Easily digestible forms of language and narrative propagate normative behaviors within linguistic habitats, and society has borne its poison from which the culture industry precipitates its ideology, down into the mouths of the consumer. Deliberate engineering of narrative and linguistic ideology onto a society can deal insurmountable consequences that many post-modern and continental philosophers have been concerned with since Marx. The epistemic aspirations of native societies have been dissolved and replaced by systematic forms of logic and values that dominate the meaning of their lives. Derivative from the substrate of universal secular values, the sprouts of the supplanted linguistic ideology seem reasonable until it binds the intellectual freedom of those who are assimilated to the euro-centric culture. Determined through the motivated intention of the language used; the ability to distinguish what is the ultimate good for ourselves and our family has been reduced to the value of consumable goods that are on the menu of the dominating ideological culture narrative.
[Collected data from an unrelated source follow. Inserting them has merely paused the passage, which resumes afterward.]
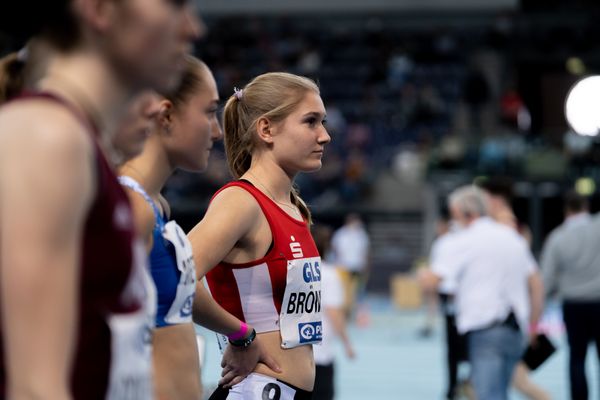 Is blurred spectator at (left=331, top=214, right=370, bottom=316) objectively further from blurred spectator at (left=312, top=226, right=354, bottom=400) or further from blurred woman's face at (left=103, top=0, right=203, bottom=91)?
blurred woman's face at (left=103, top=0, right=203, bottom=91)

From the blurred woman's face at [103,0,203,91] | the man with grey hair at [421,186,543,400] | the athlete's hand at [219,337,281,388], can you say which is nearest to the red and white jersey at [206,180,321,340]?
the athlete's hand at [219,337,281,388]

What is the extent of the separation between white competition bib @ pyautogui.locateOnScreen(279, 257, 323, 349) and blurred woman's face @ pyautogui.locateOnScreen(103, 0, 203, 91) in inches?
71.4

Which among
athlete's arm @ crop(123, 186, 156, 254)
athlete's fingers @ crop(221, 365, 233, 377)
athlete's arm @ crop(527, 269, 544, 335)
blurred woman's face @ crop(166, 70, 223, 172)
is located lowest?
athlete's arm @ crop(527, 269, 544, 335)

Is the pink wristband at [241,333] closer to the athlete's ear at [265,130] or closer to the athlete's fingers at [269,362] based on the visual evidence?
the athlete's fingers at [269,362]

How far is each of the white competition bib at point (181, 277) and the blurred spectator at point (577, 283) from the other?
6.11m

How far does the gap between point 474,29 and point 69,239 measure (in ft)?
89.9

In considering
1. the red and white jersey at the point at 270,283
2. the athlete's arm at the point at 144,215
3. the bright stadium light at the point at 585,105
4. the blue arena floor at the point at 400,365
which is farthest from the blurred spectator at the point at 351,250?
the athlete's arm at the point at 144,215

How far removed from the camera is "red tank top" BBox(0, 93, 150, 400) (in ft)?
4.93

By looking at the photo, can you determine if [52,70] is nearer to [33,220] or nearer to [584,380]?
[33,220]

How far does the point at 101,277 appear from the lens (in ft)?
5.02

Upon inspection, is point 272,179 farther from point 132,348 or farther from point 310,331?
point 132,348

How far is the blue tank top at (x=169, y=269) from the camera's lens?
2.52m

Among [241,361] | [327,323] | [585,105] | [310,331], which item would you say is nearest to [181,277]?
[241,361]

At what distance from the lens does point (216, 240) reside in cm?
309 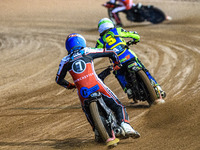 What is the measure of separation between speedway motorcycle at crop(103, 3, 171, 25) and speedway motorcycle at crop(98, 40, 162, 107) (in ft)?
38.5

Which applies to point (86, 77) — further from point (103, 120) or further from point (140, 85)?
point (140, 85)

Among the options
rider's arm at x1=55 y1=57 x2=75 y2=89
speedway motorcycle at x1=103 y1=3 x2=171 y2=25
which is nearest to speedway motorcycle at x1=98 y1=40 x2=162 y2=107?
rider's arm at x1=55 y1=57 x2=75 y2=89

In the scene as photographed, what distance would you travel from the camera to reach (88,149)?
5852mm

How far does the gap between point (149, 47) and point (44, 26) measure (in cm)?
1012

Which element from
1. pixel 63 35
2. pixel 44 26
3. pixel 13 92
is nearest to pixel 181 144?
pixel 13 92

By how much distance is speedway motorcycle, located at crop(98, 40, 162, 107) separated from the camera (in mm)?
7410

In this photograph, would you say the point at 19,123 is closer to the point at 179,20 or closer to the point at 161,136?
the point at 161,136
[1] The concept of “linguistic ideology” as “sets of beliefs about language articulated by users as a rationalization or justification of perceived language structure and use,” for example, in terms of correctness or beauty, had been developed by Michael Silverstein (1979, 193).
JC is in the interdisciplinary studies program for University of Baltimore. Born in the Philippines and raised in the United States, he comes from backgrounds rich in culture and values. He’s pursuing his interests in philosophy and law in hopes to develop a better sense of truth and wisdom while looking to leave this earth knowing I’ve done all I could to make it brighter.